» What you are asked to do
Each line from the one containing "Wohnung zum Kaufen" to the end of the data must be copied exactly, the first and last included; no other lines and no pictures belong in the copy.

(Image-caption web data)

════

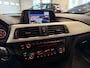 BMW 3-Serie 328i 2.0 Touring stoelverwarming trekhaak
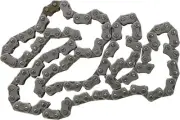 Moose Cam Chain 108 Links KTM/Husqvarna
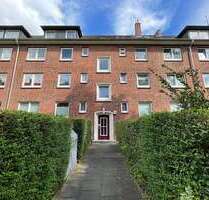 Wohnung zum Kaufen in Hamburg 225.000,00 € 43 m²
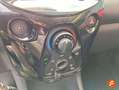 Citroen C1 Airscape+VTi+53kW+%2872CV%29+Shine Rojo - thumbnail 14
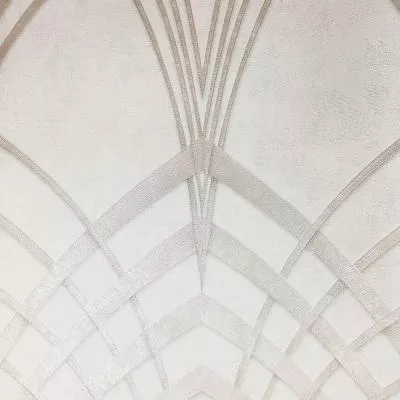 Обои MARBURG Art Deco 31954, Фото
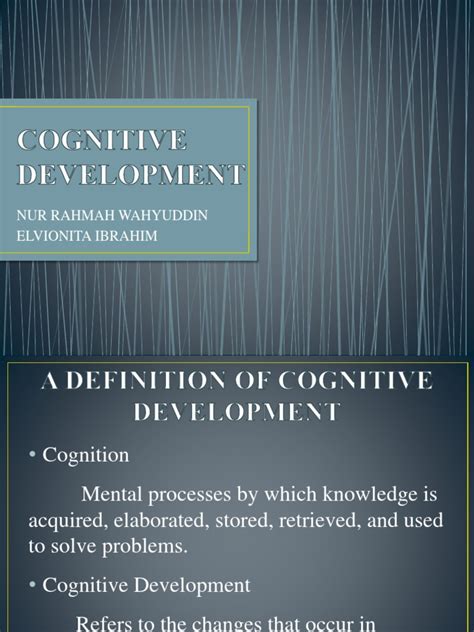 Image result for Discoursing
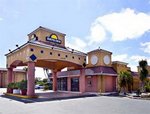 Days Inn Ft Myers South Airprt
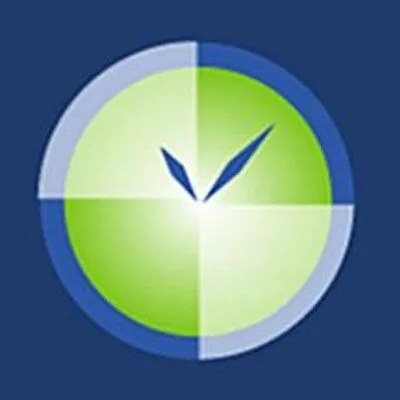 Avis 24-7 Press Release: le logiciel de relations publiques / presse (RP) en test: Comparez ses fonctionnalités
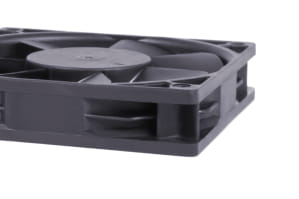 L12 Alphacool Core 120mm Lüfter PWM 4000rpm (120x120x25mm)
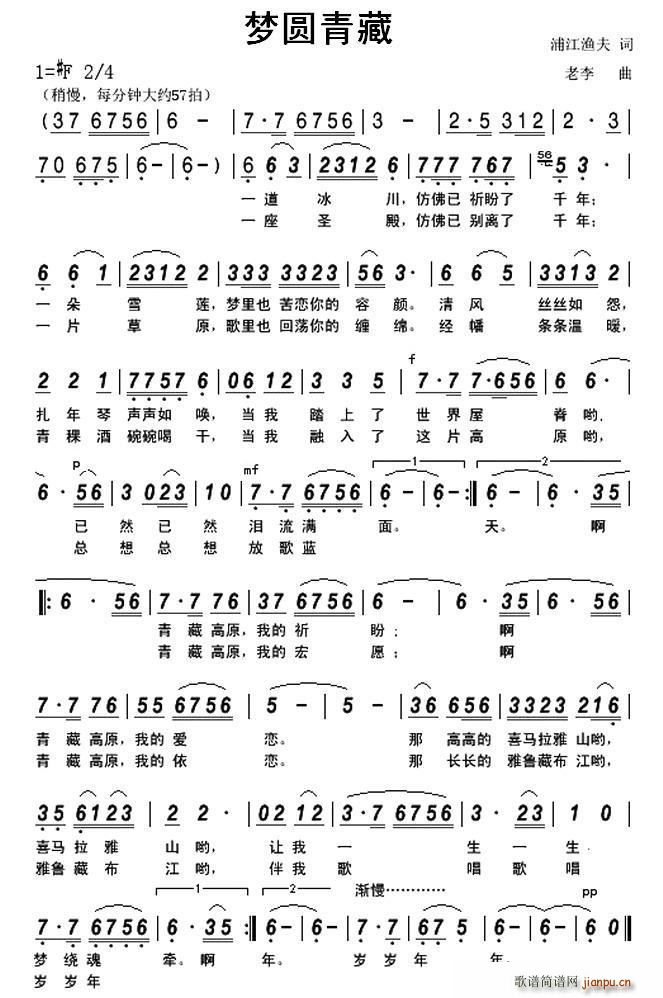 (mng)A(ָV)1
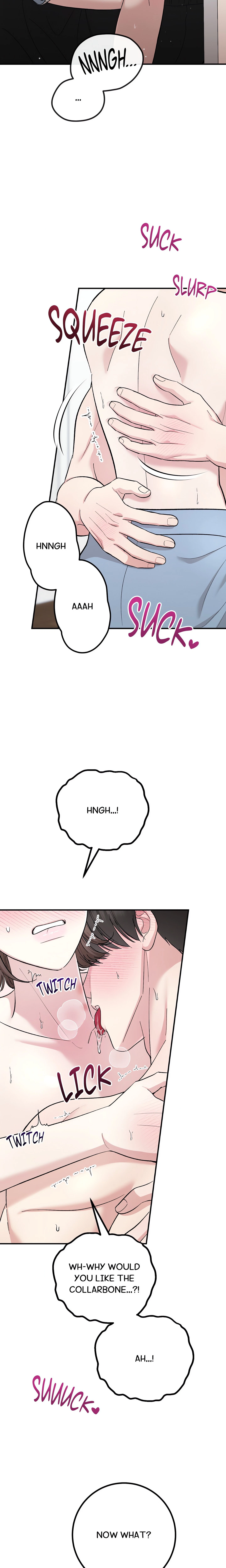 Chapter 13, page 28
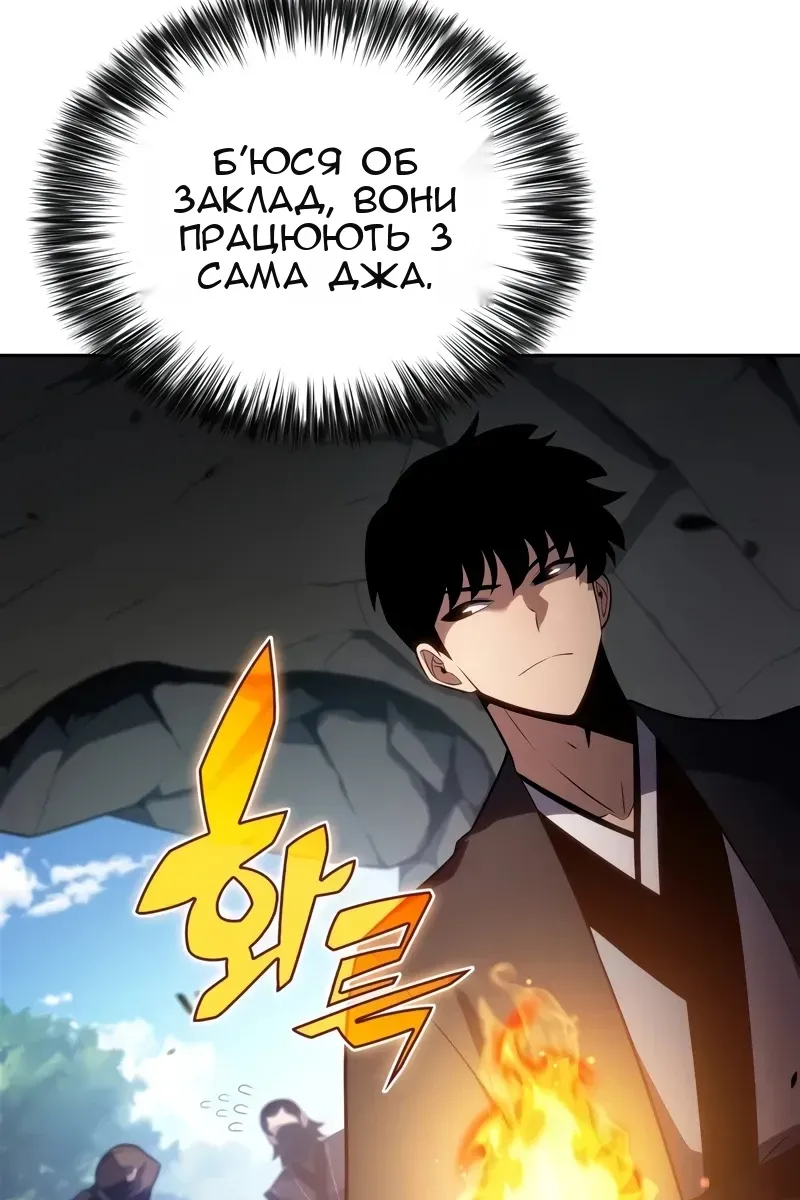 Сторінка 29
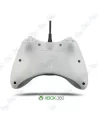 MANETTE FILIAIRE XBOX 360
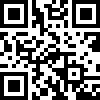 https://isna.ir/xdJnBq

════

» Solved problem
 Wohnung zum Kaufen in Hamburg 225.000,00 € 43 m²
 Citroen C1 Airscape+VTi+53kW+%2872CV%29+Shine Rojo - thumbnail 14
 Обои MARBURG Art Deco 31954, Фото
 Image result for Discoursing
 Days Inn Ft Myers South Airprt
 Avis 24-7 Press Release: le logiciel de relations publiques / presse (RP) en test: Comparez ses fonctionnalités
 L12 Alphacool Core 120mm Lüfter PWM 4000rpm (120x120x25mm)
 (mng)A(ָV)1
 Chapter 13, page 28
 Сторінка 29
 MANETTE FILIAIRE XBOX 360
 https://isna.ir/xdJnBq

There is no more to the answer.